** Opening DATA PROVIDED block **

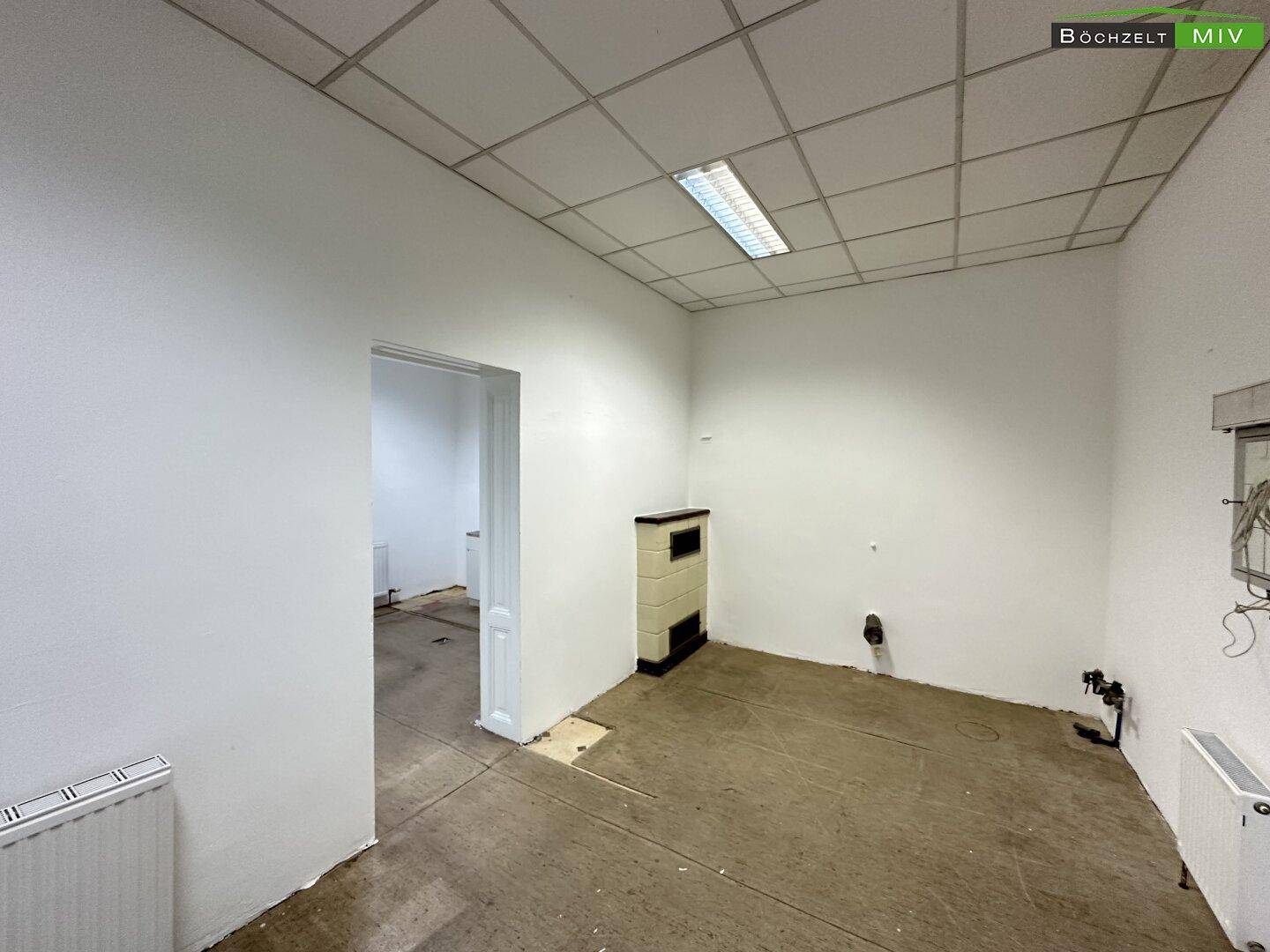 Leerer Raum mit Kachelofen, abgehängter Decke und sichtbaren Heizungsrohren, bereit zur Renovierung.
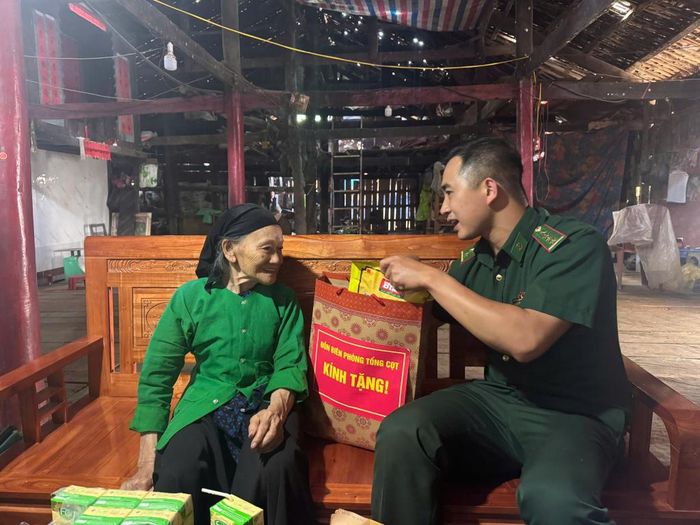 Cán bộ Đồn Biên phòng Tổng Cọt thăm, tặng quà bà Khằm Thị Mẩy là vợ liệt sĩ, trú tại xóm Lũng Ái, xã Tổng Cọt.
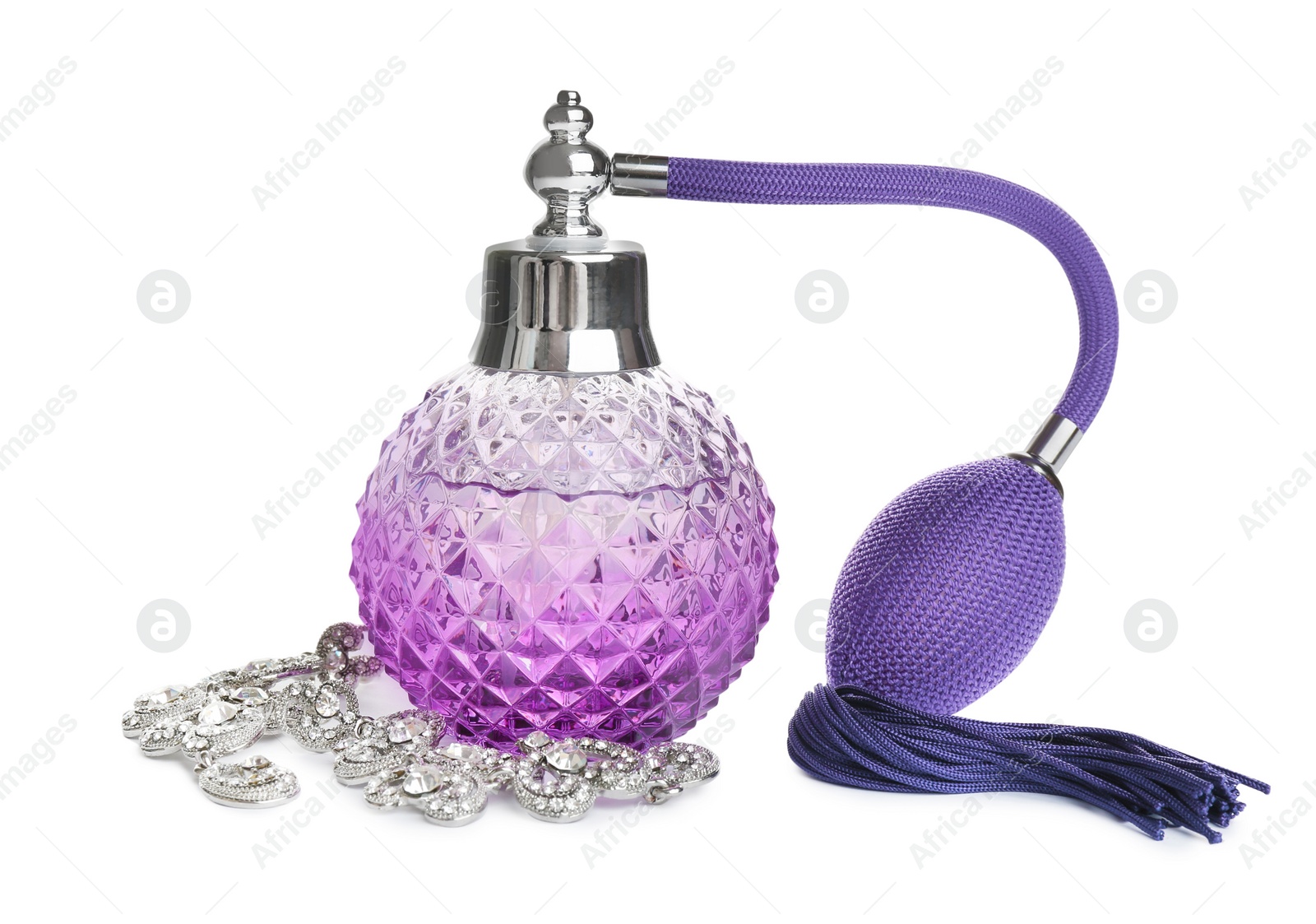 Photo of Glass bottle of perfume and luxury jewellery isolated on white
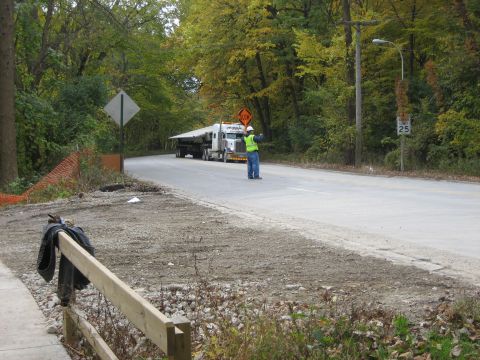 1979 Ford Bronco - A semi-truck transports a long load down a road while a worker directs traffic.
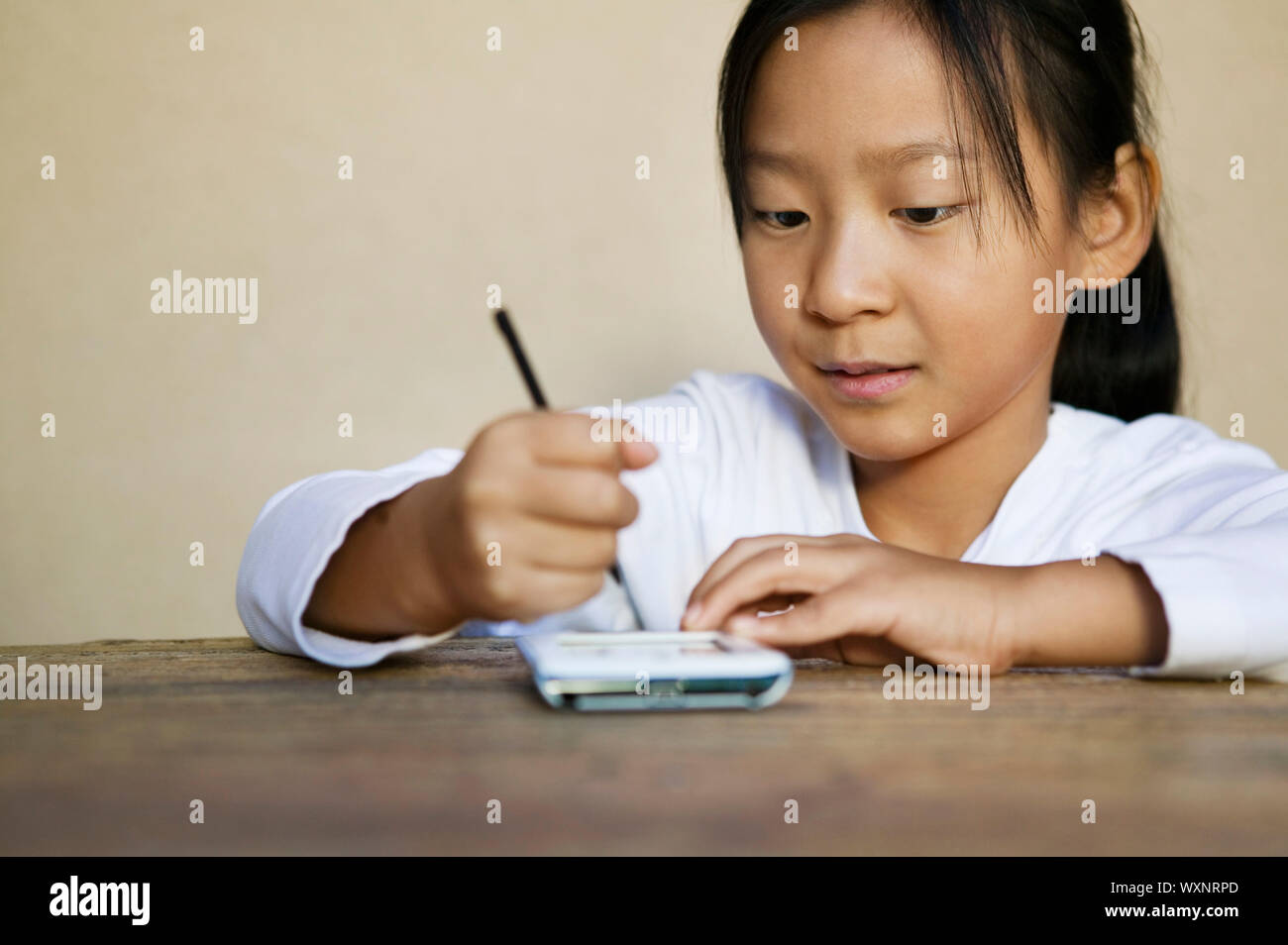 Girl using PDA Stock Photo Alamy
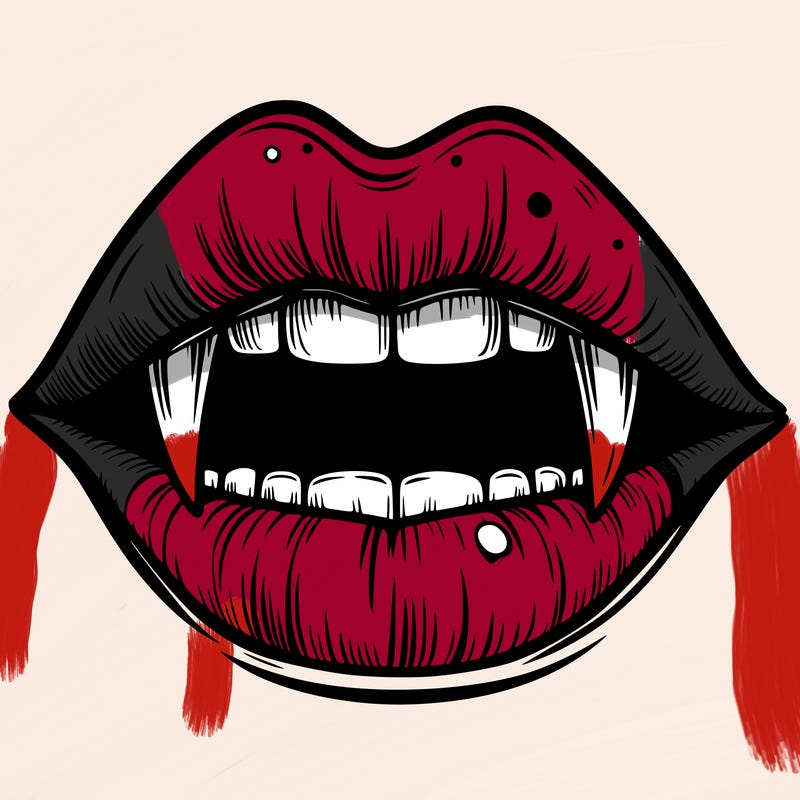 lips with vampire teeth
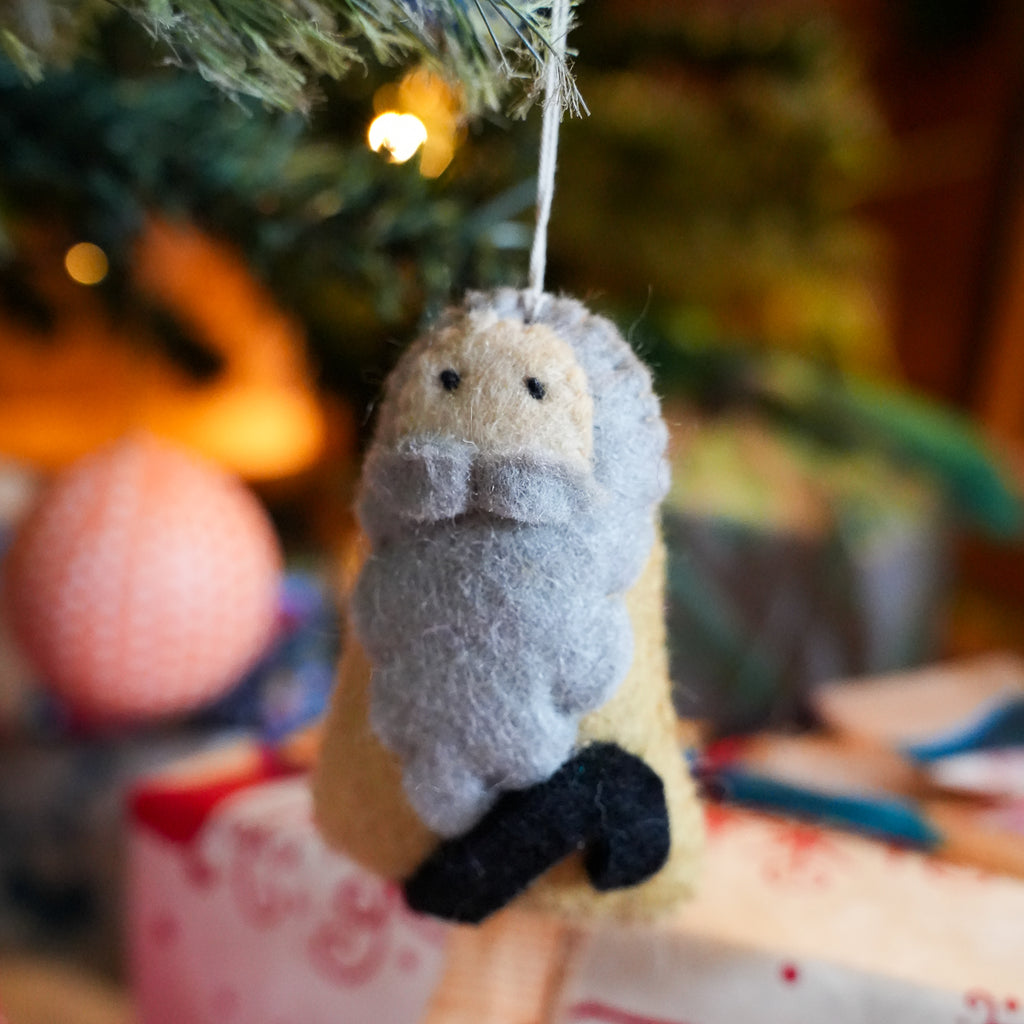 A handmade felt Christmas ornament shaped like a small figure with a gray beard, cream face, yellow body, and black boots, hanging from a Christmas tree branch with a blurred festive background.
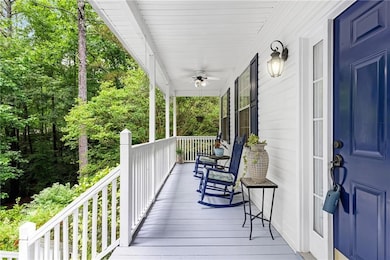 Porch featuring ceiling fan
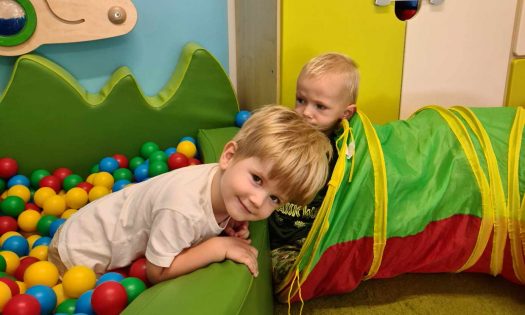 Dwóch chłopców bawi się w basenie z kolorowymi piłeczkami.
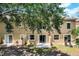 Backyard of the home with a tree shading the back windows, sliding glass doors, and grass at 207 Sterling Springs Ln, Altamonte Springs, FL 32714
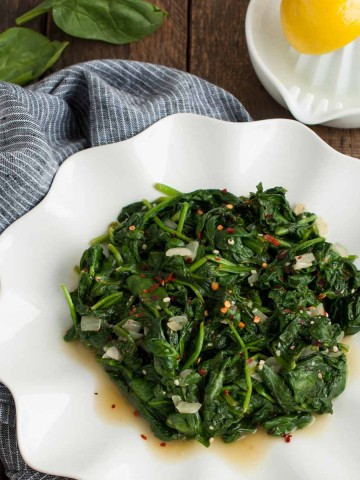 Who knew spinach could taste so good? This quick and easy sautéed spinach recipe is a delicious low calorie side to any main dish and is ready in 15 minutes!
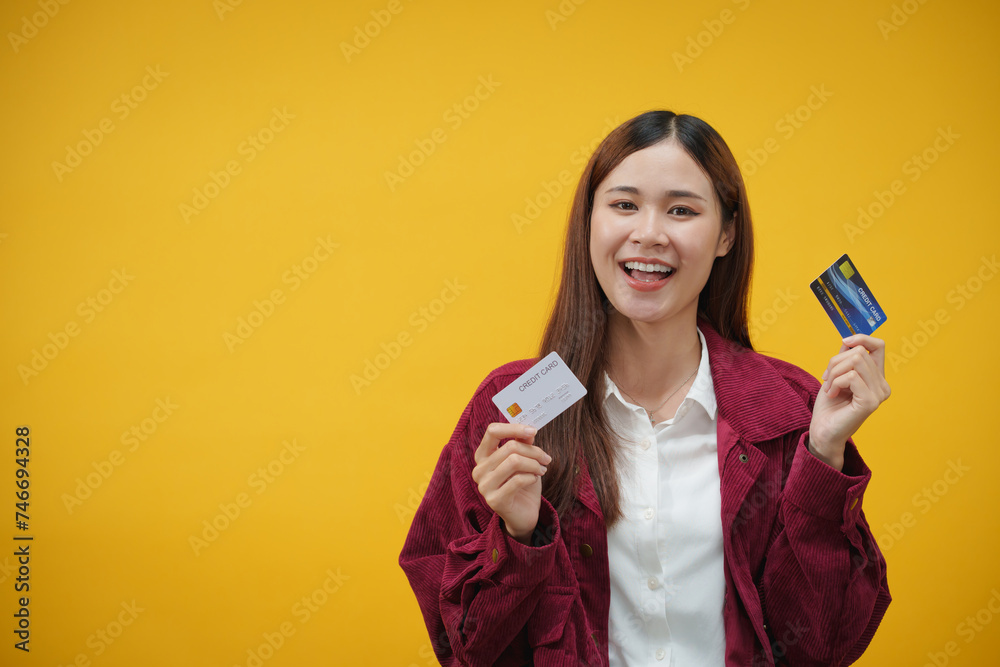 Woman showing credit card for shopping online with happy pleasure isolated over yellow background Woman showing credit card for shopping online with happy pleasure isolated over yellow background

** Closing DATA PROVIDED block **

Retype the records above exactly, and keep any picture out of what you write.

[REPLY]:
 Leerer Raum mit Kachelofen, abgehängter Decke und sichtbaren Heizungsrohren, bereit zur Renovierung.
 Cán bộ Đồn Biên phòng Tổng Cọt thăm, tặng quà bà Khằm Thị Mẩy là vợ liệt sĩ, trú tại xóm Lũng Ái, xã Tổng Cọt.
 Photo of Glass bottle of perfume and luxury jewellery isolated on white
 1979 Ford Bronco - A semi-truck transports a long load down a road while a worker directs traffic.
 Girl using PDA Stock Photo Alamy
 lips with vampire teeth
 A handmade felt Christmas ornament shaped like a small figure with a gray beard, cream face, yellow body, and black boots, hanging from a Christmas tree branch with a blurred festive background.
 Porch featuring ceiling fan
 Dwóch chłopców bawi się w basenie z kolorowymi piłeczkami.
 Backyard of the home with a tree shading the back windows, sliding glass doors, and grass at 207 Sterling Springs Ln, Altamonte Springs, FL 32714
 Who knew spinach could taste so good? This quick and easy sautéed spinach recipe is a delicious low calorie side to any main dish and is ready in 15 minutes!
 Woman showing credit card for shopping online with happy pleasure isolated over yellow background Woman showing credit card for shopping online with happy pleasure isolated over yellow background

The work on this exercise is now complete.